Exercise objective:
Among the entries below, one line contains "Aten VC182 VGA" and another contains "Tradag Photo Frame". Transcribe those two lines and every line between them, exactly.

++++ Data listing ++++

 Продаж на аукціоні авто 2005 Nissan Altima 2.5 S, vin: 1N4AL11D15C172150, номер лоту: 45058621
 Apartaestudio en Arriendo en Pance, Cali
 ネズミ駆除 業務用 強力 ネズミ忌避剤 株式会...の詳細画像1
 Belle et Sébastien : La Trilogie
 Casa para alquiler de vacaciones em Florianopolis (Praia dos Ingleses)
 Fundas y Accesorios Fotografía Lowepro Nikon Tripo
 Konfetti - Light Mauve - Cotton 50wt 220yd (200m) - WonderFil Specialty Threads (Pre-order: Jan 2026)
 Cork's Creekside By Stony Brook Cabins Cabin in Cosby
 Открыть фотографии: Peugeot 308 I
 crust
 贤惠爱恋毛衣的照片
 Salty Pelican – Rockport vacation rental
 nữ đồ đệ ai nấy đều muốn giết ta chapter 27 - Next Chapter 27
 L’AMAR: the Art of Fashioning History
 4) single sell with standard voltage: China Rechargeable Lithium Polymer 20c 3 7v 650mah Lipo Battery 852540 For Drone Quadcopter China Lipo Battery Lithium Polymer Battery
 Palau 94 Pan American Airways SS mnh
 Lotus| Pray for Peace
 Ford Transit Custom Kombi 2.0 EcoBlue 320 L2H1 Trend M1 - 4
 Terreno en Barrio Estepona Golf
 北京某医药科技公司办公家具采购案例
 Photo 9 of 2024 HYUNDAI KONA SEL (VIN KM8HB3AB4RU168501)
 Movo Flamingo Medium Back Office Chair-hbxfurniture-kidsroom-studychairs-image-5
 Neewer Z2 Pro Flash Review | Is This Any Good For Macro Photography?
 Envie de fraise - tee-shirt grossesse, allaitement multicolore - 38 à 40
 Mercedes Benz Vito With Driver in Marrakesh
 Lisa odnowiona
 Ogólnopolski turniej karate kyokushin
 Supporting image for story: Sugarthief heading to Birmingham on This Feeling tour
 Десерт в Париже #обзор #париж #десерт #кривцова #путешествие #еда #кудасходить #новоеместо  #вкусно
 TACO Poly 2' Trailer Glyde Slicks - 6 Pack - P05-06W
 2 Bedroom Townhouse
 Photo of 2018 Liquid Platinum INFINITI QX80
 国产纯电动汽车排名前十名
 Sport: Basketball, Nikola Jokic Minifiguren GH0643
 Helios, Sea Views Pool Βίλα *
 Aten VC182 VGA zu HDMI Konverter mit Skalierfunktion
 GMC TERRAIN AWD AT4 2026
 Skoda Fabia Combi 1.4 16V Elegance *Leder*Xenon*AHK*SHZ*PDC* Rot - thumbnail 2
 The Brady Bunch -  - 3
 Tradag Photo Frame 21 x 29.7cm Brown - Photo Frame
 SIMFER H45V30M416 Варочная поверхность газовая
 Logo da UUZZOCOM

++++

Solution to this exercise:
 Aten VC182 VGA zu HDMI Konverter mit Skalierfunktion
 GMC TERRAIN AWD AT4 2026
 Skoda Fabia Combi 1.4 16V Elegance *Leder*Xenon*AHK*SHZ*PDC* Rot - thumbnail 2
 The Brady Bunch -  - 3
 Tradag Photo Frame 21 x 29.7cm Brown - Photo Frame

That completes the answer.